The Devil's Trade — What Happened to the Little Blind Crow
(Golden Antenna 045, 2018, CD / LP / DL)
by Jon Davis, Published 2019-11-16
Dávid Makó is a Hungarian singer who has worked in a couple of metal bands I’ve never heard — Stereochrist and HAW — but The Devil’s Trade is his entirely solo project, and it has little about it to hint of metal. His main instruments seem to be banjo and electric guitar to back his husky voice. And from his voice I can easily imagine that he’s at home in a heavy rock setting. He doesn’t do much screaming here, but he’s capable of a muscular power that would work well with a full band. What Happened to the Little Blind Crow is soaked in an air of darkness, with frequent references to ghosts, hell, and death. Somehow Makó makes a banjo sound sad, even with nice finger-picking patterns — I guess it’s the combination of minor chords and his voice.
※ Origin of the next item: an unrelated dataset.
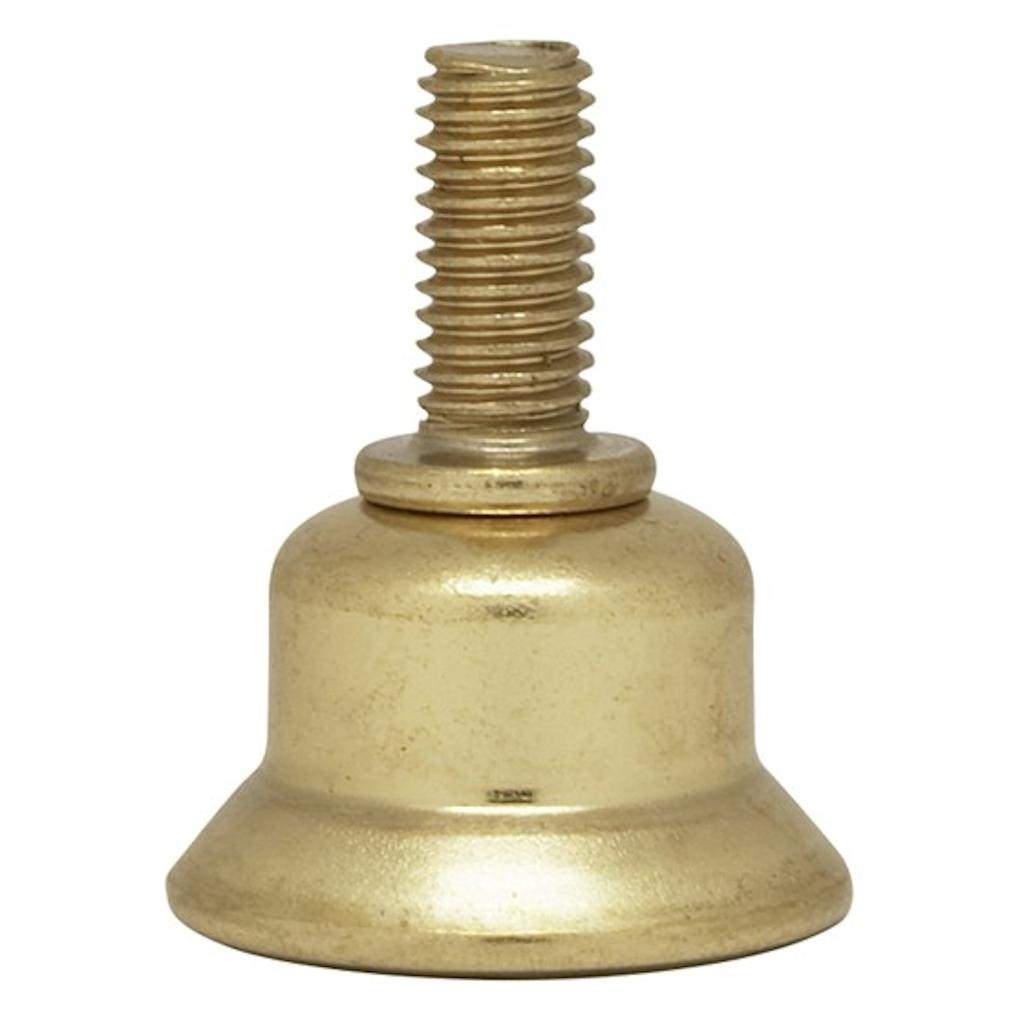 1/4-27 Brass Plated Steel Risers 1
On several of the songs he pulls out an electric guitar, either on its own or in conjunction with the banjo. He uses a reverb-drenched, grungy tone that seems even more tortured without and drums or bass to back it up. There seem to be occasional synthesizers, but they’re very subtle and might even be guitar with effects instead of keyboards. On a few of the songs I’m reminded slightly of that brief period when Steeleye Span had gone electric but hadn’t yet added a drummer to the lineup (around Please to See the King or Below the Salt), but of course there’s no fiddle or female vocals here. The songs are well-written and work well in this stripped-down context, so I’d recommend the album to anyone who goes for dark folk music.